*EXERCISE MATERIAL*
########
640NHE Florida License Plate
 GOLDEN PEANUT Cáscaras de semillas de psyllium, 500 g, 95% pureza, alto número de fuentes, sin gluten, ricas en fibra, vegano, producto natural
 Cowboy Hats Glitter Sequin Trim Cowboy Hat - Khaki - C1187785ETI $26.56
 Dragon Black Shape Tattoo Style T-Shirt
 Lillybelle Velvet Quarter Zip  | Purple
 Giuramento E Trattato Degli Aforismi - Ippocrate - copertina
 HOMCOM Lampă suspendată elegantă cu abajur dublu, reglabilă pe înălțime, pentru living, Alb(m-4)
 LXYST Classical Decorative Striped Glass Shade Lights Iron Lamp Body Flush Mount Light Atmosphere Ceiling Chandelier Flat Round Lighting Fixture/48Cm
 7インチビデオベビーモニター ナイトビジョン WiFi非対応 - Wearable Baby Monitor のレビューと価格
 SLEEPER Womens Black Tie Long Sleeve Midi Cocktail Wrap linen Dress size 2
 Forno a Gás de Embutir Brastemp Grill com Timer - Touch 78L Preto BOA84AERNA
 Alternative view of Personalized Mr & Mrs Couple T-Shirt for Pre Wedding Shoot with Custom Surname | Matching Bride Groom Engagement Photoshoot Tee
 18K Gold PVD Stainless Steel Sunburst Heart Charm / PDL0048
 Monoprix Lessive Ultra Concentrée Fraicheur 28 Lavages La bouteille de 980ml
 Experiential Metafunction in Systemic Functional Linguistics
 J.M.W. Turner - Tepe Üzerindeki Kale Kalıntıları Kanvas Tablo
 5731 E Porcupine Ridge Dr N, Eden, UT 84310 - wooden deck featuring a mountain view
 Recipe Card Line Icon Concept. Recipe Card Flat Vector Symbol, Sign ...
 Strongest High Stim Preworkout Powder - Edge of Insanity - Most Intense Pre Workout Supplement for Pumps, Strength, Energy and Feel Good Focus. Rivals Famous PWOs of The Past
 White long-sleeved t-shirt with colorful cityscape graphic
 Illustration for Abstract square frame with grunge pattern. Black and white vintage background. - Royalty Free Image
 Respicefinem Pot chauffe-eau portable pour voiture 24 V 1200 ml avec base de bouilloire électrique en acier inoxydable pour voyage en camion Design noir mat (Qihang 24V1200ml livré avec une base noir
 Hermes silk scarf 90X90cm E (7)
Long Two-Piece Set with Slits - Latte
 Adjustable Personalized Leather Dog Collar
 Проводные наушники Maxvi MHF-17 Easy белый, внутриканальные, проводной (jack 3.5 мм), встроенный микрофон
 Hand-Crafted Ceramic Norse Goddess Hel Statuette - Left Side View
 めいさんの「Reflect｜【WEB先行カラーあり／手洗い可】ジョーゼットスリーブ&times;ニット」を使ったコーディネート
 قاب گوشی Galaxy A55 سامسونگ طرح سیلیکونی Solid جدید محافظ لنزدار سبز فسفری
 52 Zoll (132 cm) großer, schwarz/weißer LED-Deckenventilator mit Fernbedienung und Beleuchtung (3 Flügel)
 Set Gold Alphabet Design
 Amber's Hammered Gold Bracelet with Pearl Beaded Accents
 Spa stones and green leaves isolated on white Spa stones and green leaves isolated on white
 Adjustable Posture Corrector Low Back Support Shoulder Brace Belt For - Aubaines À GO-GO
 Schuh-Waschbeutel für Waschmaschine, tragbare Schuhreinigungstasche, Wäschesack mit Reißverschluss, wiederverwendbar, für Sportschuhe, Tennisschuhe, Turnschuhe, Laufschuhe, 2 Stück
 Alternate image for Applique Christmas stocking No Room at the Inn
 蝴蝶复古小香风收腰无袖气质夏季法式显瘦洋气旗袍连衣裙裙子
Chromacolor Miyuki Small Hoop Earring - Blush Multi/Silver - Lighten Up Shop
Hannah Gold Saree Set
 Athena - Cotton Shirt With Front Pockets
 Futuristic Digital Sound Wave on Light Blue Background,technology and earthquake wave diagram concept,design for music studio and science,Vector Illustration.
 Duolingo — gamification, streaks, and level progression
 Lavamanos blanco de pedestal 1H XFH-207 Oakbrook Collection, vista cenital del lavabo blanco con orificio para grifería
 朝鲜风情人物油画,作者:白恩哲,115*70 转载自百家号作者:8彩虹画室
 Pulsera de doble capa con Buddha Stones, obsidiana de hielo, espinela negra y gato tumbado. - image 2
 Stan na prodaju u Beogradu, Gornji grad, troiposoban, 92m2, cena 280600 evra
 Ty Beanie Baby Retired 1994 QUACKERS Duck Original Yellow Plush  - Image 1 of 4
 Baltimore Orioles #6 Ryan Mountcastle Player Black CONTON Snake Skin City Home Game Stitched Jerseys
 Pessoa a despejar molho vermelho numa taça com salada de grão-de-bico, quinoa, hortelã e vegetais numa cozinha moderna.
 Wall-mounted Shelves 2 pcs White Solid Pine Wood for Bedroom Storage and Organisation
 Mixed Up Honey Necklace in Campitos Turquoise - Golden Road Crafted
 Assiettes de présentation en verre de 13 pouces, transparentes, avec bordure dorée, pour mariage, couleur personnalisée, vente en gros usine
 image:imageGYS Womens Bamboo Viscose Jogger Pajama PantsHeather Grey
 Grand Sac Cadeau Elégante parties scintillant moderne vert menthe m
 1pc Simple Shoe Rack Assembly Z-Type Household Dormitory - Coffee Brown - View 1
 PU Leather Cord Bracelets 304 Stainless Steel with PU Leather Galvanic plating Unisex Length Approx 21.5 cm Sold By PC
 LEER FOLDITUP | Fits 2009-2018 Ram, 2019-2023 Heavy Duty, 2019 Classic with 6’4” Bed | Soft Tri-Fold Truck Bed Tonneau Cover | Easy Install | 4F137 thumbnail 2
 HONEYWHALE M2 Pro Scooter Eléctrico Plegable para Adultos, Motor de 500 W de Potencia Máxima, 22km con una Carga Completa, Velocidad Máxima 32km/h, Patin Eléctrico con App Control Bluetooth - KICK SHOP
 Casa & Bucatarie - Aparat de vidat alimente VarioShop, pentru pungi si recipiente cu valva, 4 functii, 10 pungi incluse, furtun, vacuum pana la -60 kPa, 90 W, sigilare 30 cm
########
*WORK ITEM*
Please restate, word for word, the lines of the entries that run from the first line through the one holding "Forno a Gás", and add nothing.

*EXERCISE RESPONSE*
640NHE Florida License Plate
 GOLDEN PEANUT Cáscaras de semillas de psyllium, 500 g, 95% pureza, alto número de fuentes, sin gluten, ricas en fibra, vegano, producto natural
 Cowboy Hats Glitter Sequin Trim Cowboy Hat - Khaki - C1187785ETI $26.56
 Dragon Black Shape Tattoo Style T-Shirt
 Lillybelle Velvet Quarter Zip  | Purple
 Giuramento E Trattato Degli Aforismi - Ippocrate - copertina
 HOMCOM Lampă suspendată elegantă cu abajur dublu, reglabilă pe înălțime, pentru living, Alb(m-4)
 LXYST Classical Decorative Striped Glass Shade Lights Iron Lamp Body Flush Mount Light Atmosphere Ceiling Chandelier Flat Round Lighting Fixture/48Cm
 7インチビデオベビーモニター ナイトビジョン WiFi非対応 - Wearable Baby Monitor のレビューと価格
 SLEEPER Womens Black Tie Long Sleeve Midi Cocktail Wrap linen Dress size 2
 Forno a Gás de Embutir Brastemp Grill com Timer - Touch 78L Preto BOA84AERNA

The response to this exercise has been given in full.